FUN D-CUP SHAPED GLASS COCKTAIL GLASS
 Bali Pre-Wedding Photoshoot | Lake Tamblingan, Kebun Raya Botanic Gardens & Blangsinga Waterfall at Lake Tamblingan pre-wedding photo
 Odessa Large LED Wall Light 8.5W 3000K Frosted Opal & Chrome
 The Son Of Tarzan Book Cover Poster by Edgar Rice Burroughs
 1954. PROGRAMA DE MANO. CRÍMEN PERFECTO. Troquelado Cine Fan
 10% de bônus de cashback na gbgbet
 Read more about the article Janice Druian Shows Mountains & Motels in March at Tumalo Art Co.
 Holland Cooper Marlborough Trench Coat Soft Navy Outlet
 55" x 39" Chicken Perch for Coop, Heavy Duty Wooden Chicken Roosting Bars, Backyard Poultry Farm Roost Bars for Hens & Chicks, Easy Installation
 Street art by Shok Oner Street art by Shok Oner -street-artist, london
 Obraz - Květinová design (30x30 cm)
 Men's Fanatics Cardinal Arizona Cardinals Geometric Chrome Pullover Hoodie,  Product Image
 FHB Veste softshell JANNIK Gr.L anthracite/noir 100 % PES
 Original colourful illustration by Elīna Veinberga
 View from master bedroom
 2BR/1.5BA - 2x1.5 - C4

(Exercise goal):
Each record above has to be repeated word for word.

(Solution to the exercise):
FUN D-CUP SHAPED GLASS COCKTAIL GLASS
 Bali Pre-Wedding Photoshoot | Lake Tamblingan, Kebun Raya Botanic Gardens & Blangsinga Waterfall at Lake Tamblingan pre-wedding photo
 Odessa Large LED Wall Light 8.5W 3000K Frosted Opal & Chrome
 The Son Of Tarzan Book Cover Poster by Edgar Rice Burroughs
 1954. PROGRAMA DE MANO. CRÍMEN PERFECTO. Troquelado Cine Fan
 10% de bônus de cashback na gbgbet
 Read more about the article Janice Druian Shows Mountains & Motels in March at Tumalo Art Co.
 Holland Cooper Marlborough Trench Coat Soft Navy Outlet
 55" x 39" Chicken Perch for Coop, Heavy Duty Wooden Chicken Roosting Bars, Backyard Poultry Farm Roost Bars for Hens & Chicks, Easy Installation
 Street art by Shok Oner Street art by Shok Oner -street-artist, london
 Obraz - Květinová design (30x30 cm)
 Men's Fanatics Cardinal Arizona Cardinals Geometric Chrome Pullover Hoodie,  Product Image
 FHB Veste softshell JANNIK Gr.L anthracite/noir 100 % PES
 Original colourful illustration by Elīna Veinberga
 View from master bedroom
 2BR/1.5BA - 2x1.5 - C4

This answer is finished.